ラグビーワールドカップ2019組織委員会がキックオフミーティング
気がかりは新国立競技場?

開催自治体代表者や関係者ら約200人が初めて一堂に会した

 ラグビーワールドカップ2019組織委員会(東京都港区)は15日、ラグビーワールドカップ2019キックオフミーティングを都内で開いた(写真)。3月2日に開催都市決定後、開催自治体代表者や関係者ら約200人が初めて一堂に会した。

 冒頭、組織委の御手洗冨士夫会長(キヤノン会長兼社長CEO)は「ラグビーワールドカップ2019日本大会は、アジアで初めて行われる大会で意義深い。成功に向けて努力していきたい」とあいさつ。日本ラグビーフットボール協会の岡村正会長(東芝相談役)は「本大会が日本の国際化の大きな礎となり、東京オリンピック・パラリンピックにつなげられるような立派な大会にしたい」と語った。

新国立競技場問題で安藤氏会見「国際公約としてはザハさんを外すわけには…」


 2020年東京オリンピック・パラリンピック大会の主会場となる新国立競技場の総工費が2520億円に膨らんだ問題について、デザイン選考時の審査委員長だった建築家の安藤忠雄氏が16日、東京都内で会見を開いた。安藤氏は「(現行の)ザハ・ハディド案を選んだ責任はある。ただ、私たちが頼まれたのはデザイン案選定まで。(なぜ)2520億円になったのか、私も聞きたい」と困惑した表情で語った。

 総工費の膨張が問題になって以降、安藤氏が公の場で発言するのは初めて。
 政府が競技場の見直しを検討すると報じられていることについて、「日本ならできる。基本設計を担当する4社の設計事務所でやっていけると期待している」と述べた。

 その上で「国際公約としてはザハさんを外すわけにはいかない。日本の国際的信用もなくなってしまう。一国民としては、できればザハさんの案を残してもらいたい」とも語り、基本設計の部分で調整が必要だとの考えを示した。
 
 
 【与党、見直し論相次ぐ】
 総工費の膨張が問題となっている新国立競技場建設計画をめぐり、自民、公明両党で16日、現行計画の見直しを求める意見が相次いだ。政府は世論や与党内の批判を受け、計画を変更する方針を固めているが、菅義偉官房長官は同日の記者会見で「現時点で具体的な見直しは決定していない」と言及を避けた。

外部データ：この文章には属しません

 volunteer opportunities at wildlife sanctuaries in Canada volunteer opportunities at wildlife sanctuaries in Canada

 自民党若手を中心とする有志議員約70人は同日午前、衆院議員会館に建築の専門家を招いて勉強会を開催。計画に対し「せっかくの五輪が競技場のことだけで止まっている」「経費を圧縮すべきだ」などと異論が噴出した。専門家からも「巨大アーチをなくして普通の構造にすれば(予定の工期に)間に合う」との見解が示された。

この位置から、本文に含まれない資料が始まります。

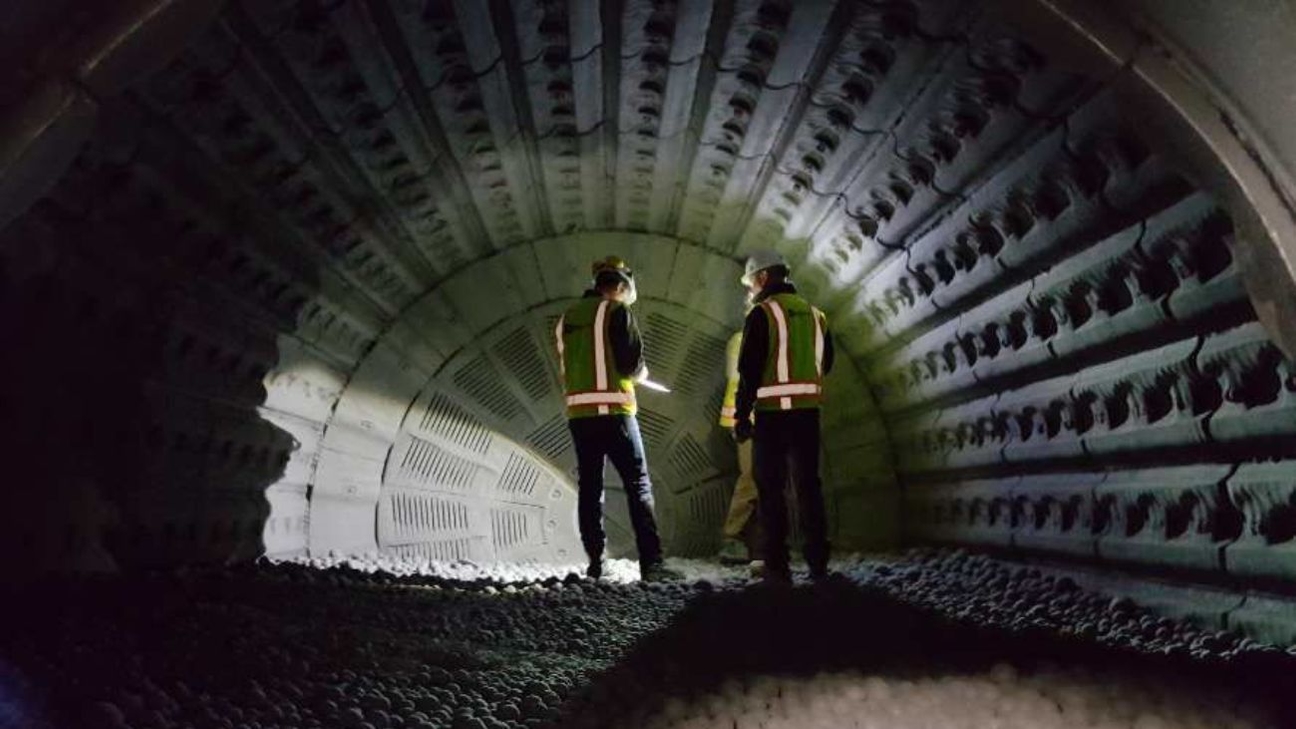 FLSmidth inaugura en Casablanca la planta de revestimientos de molinos más sostenible del mundo, marcando un hito en la minería eco-amigable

 自民党は17日にも文部科学部会などの合同会議でこの問題を議論する方針。勉強会を主催した小林史明衆院議員は「部会でしっかり意見を伝えて、安倍晋三首相に決断していただける状況をつくっていく」と語った。

 公明党の漆原良夫中央幹事会長は会見で「今の説明では国民が誰も納得しない。『国際公約』だからとか『間に合わない』だけで従来のまま推し進めることは許されない」と指摘。「経緯を検証し、責任はどこにあるか明確にし、今後どうするか検討しないといけない」と述べた。

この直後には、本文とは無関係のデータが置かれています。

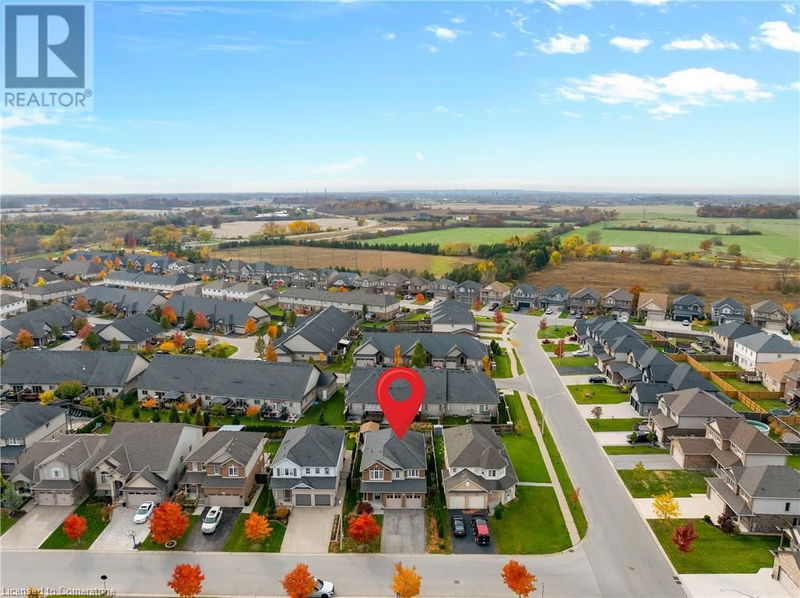 Tertiary Property View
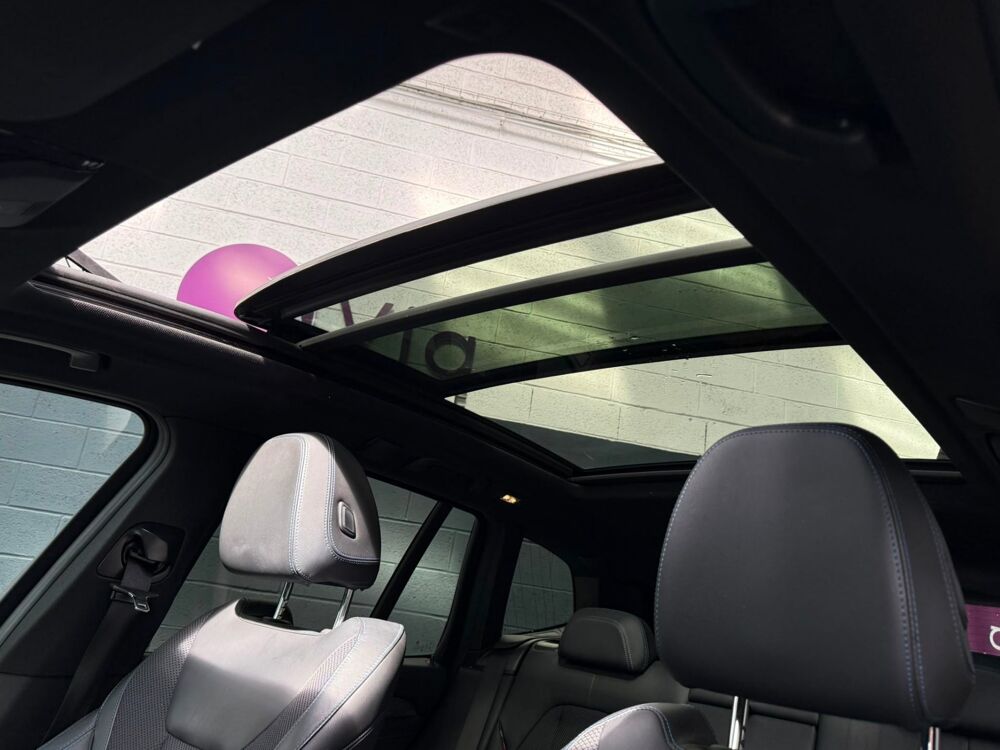 X3 xDrive 30e 292ch BVA8 M Sport - 5P 2021 occasion 62230 Outreau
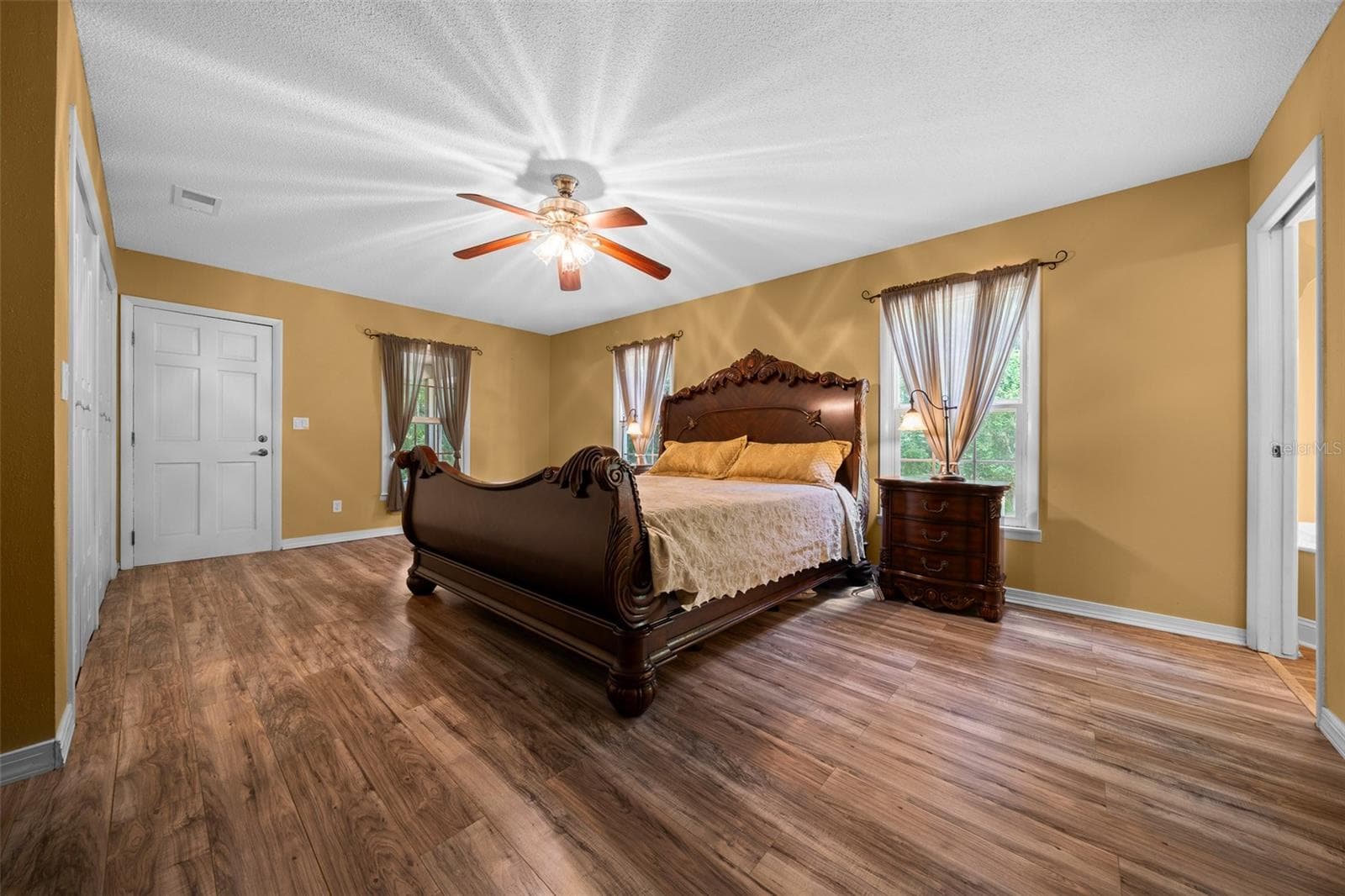 Primary Bedroom - 1985 NE 97TH STREED RD, ANTHONY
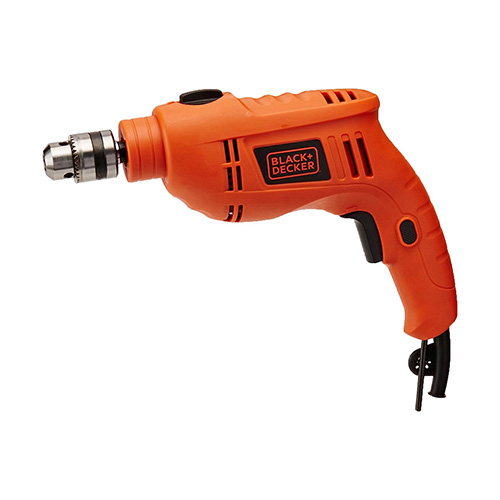 TALADRO PERCUTOR 3/8 550W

 これに対し、菅長官は会見で「現行(計画)の中で、国民への説明が十分でなかった点もあるし、国民負担ができる限り生じないように、さまざまな工夫を行っていく必要があるだろう」と述べるにとどめた。

  【国民の声聞く−安倍首相】
 安倍晋三首相は16日、2020年東京オリンピック・パラリンピックのメーン会場となる新国立競技場の計画見直しに関し、「国民の皆さまの声に耳を傾けながら、五輪・パラリンピックが成功するよう万全の準備を進めたい」と述べた。首相官邸で記者団の質問に答えた。
日刊工業新聞2015年07月16日 総合2面
斉藤陽一
斉藤陽一 Saito Yoichi 編集局第一産業部 デスク
招致資料で示されている2019年大会のスケジュールは9月6日開幕、10月20日決勝。開幕戦と決勝戦は新国立競技場での開催を予定していましたが、一連の建設問題で計画に暗雲が立ちこめてきました。